Stemberger called for "great compassion for children suffering from gender dysphoria while getting them proper counseling and professional help." The Boy Scouts, however, are "encouraging and facilitating a recognized mental disorder that has far reaching consequences to the health and safety of children."
He also expressed concern about the "clear child protection issue" caused by boys and biological girls potentially "showering, dressing and camping in tents together."
"It's simply stunning that a leading youth organization which parents entrust the protection of their children with has opted to again appease political activists rather than follow clear, common-sense best practices for child protection," said Stemberger, who also is president of the Florida Family Policy Council.
Ted Spangenberg Jr., president of the Association of Baptists for Scouting (ABS), told BP he still encourages Baptist churches to charter Boy Scout units as a means of ministry.
"The fields are clearly 'white unto harvest,'" Spangenberg said in written comments for BP. "All Christian churches might ponder the question of 'what are we doing to minister to families struggling with transgender issues?'
"A Baptist church which has the courage, insight, and inspiration to charter a Cub Scout pack, a Boy Scout troop, or a Venture crew as a method of outreach and harvest in their community—to all of its children, adolescents, and youth and their families—deserves our appreciation and support," Spangenberg said.
As Scout leaders selected by such a church—"based on that church's standards—serve in these Scout units, they have a unique opportunity to be obedient to the Great Commission given by our Savior," he said.
"There is no doubt in my mind that all children, adolescents, and youth, particularly those who struggle with sexual orientation and gender identity—and the parents who struggle with their children in all aspects of their life— have a need for the help and hope that is available through the Gospel of Jesus Christ and the ministry of congregations that are His," Spangenberg said.

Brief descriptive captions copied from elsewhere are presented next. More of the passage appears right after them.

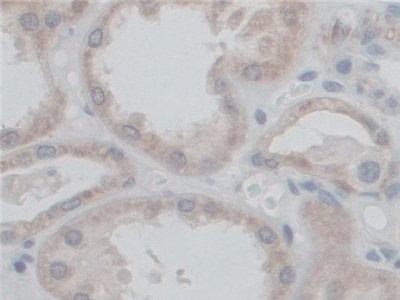 Polyclonal Antibody to Coupling Factor 6 (CF6)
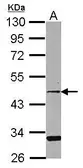 Anti-CCRL2 antibody [N1], N-term used in Western Blot (WB). GTX108151
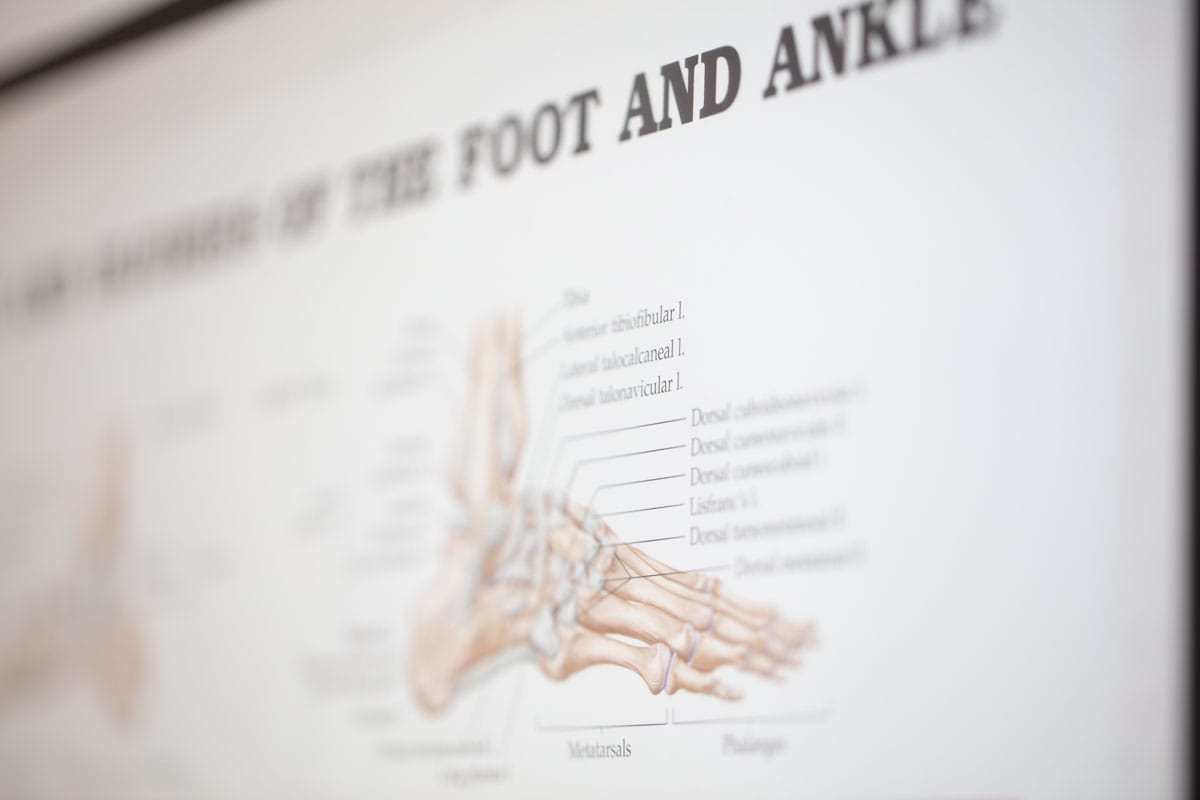 chart used by our newport beach podiatrist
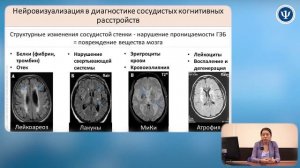 БА-сосудистая или смешан Деменция часть 1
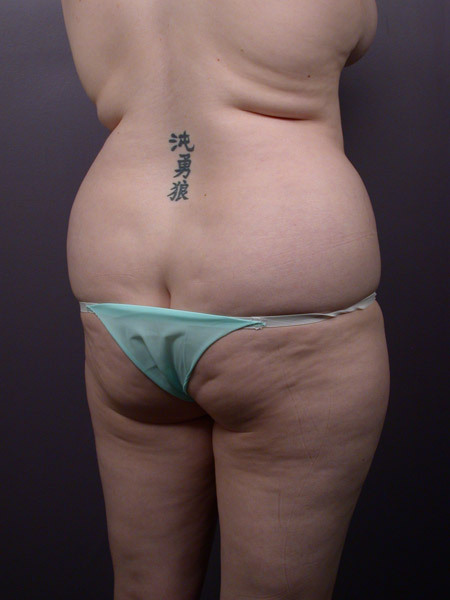 Liposuction before and after photo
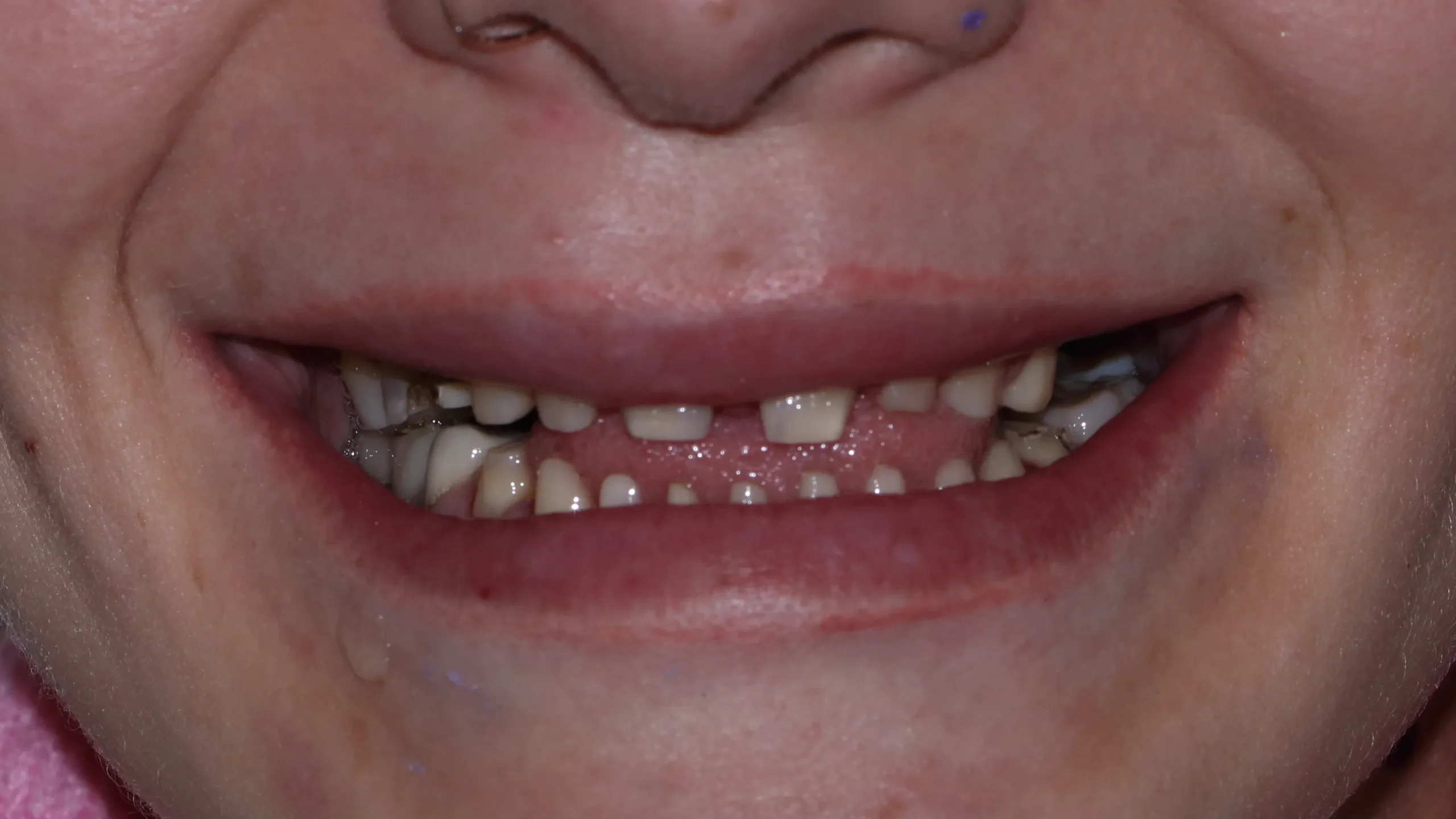 Full Zirconia Dental Restoration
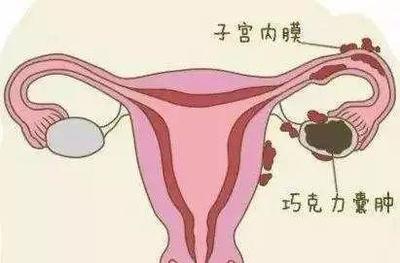 宫颈囊肿是怎么回事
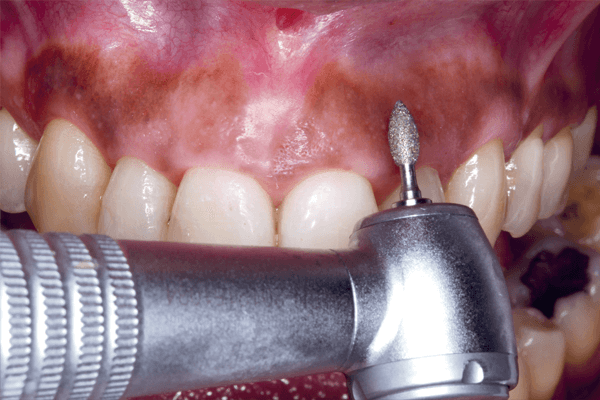 5 ideias de títulos:
1. Gengiva Marrom: Entenda as Causas Naturais e as que Exigem Atenção
2. Melanogengiva: O Que É e Como Tratar Manchas Escuras na Gengiva
3. Tártaro e Medicamentos: Como Eles Podem Escurecer Sua Gengiva?
4. Quando a Gengiva Marrom é um Sinal de Alerta? Procure um Dentista!
5. Procedimentos Estéticos para Gengiva Escura: Peeling e Clareamento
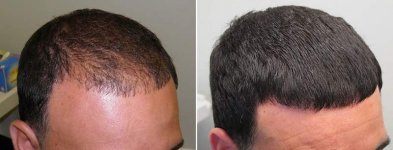 Hair-Transplant-Complications.jpg Hair-Transplant-Complications.jpg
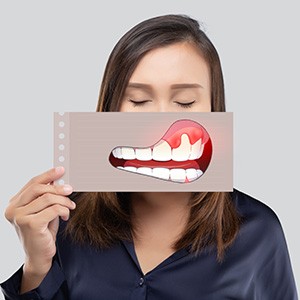 woman holding an image of infection gums in front of her face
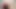 A huge anal prolapse fell out of the anus of a young guy after fucking with a monstrous dildo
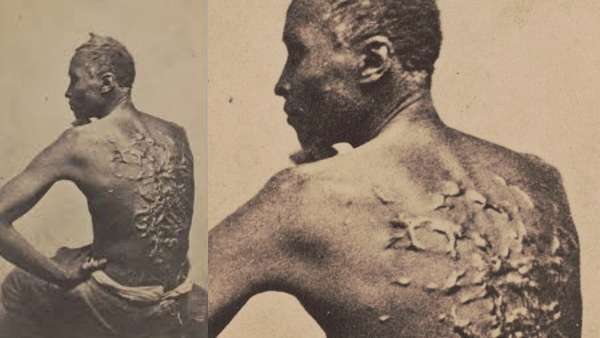 The Scourged Back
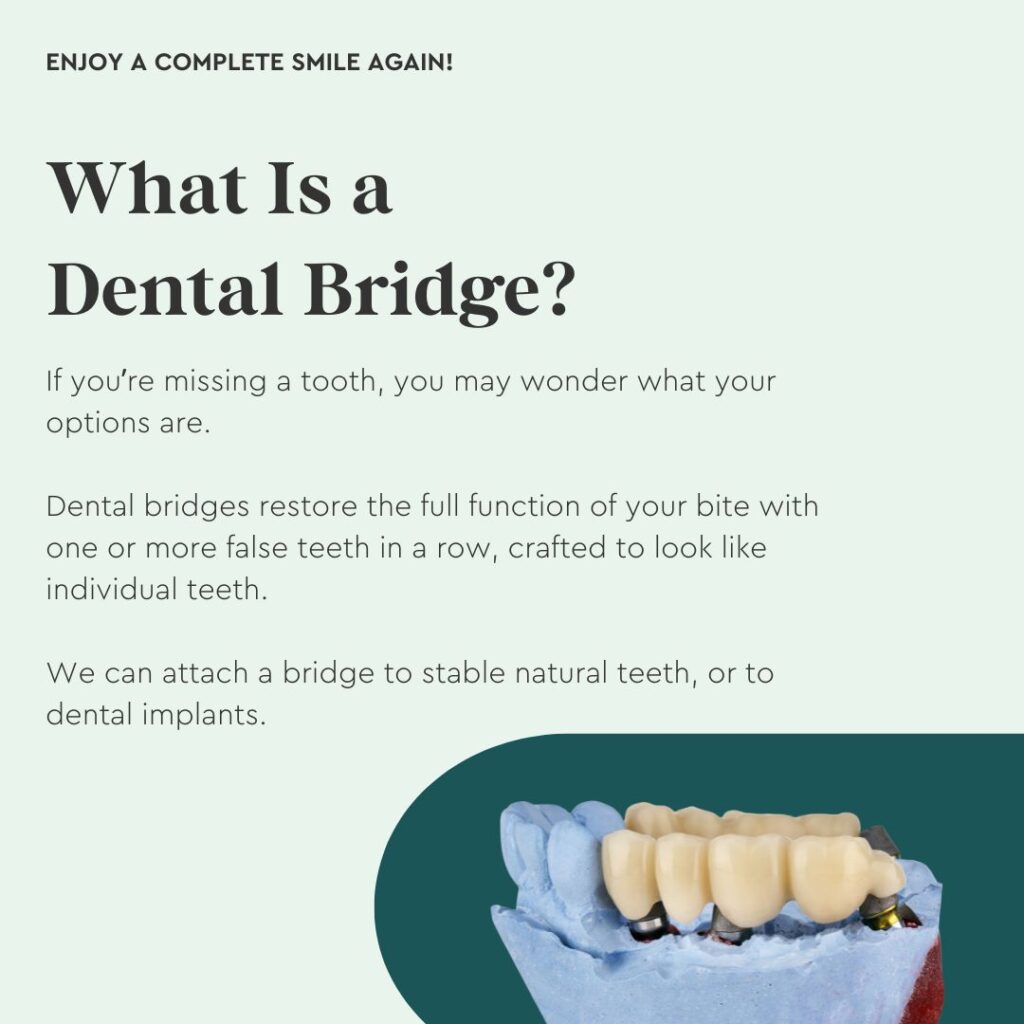 Photo shows an example of a dental bridge and explains how we can replace missing teeth with dental bridges in Forestville.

About 60 percent of the ABS membership is Southern Baptist and the rest other types of Baptists, he said.
In addition to Trail Life USA, some Southern Baptist leaders have suggested Royal Ambassadors and Challengers as alternatives to Boy Scouts. Royal Ambassadors, also known as RAs, is the Southern Baptist missions organization for boys in grades one to six, while Challengers is for young men in grades seven to 12.
In 2013, messengers to the Southern Baptist Convention annual meeting responded to the BSA's decision to include openly gay scouts by adopting a resolution expressing "our continued opposition to and disappointment in the decision of the Boy Scouts of America to change its membership policy."
Messengers to the 2014 convention approved a resolution regarding transgender identity that "affirm[ed] God's good design that gender identity is determined by biological sex and not by one's self-perception." The resolution "regard[ed] our transgender neighbors as image-bearers of Almighty God and therefore condemn[ed] acts of abuse or bullying committed against them."
The resolution also said: "We invite all transgender persons to trust in Christ and to experience renewal in the Gospel."
The BSA reports it has nearly 2.3 million members and about 960,000 volunteers. Trail Life USA says it has 700 troops in 48 states.
Tom Strode is Washington bureau chief for Baptist Press, the Southern Baptist Convention's news service.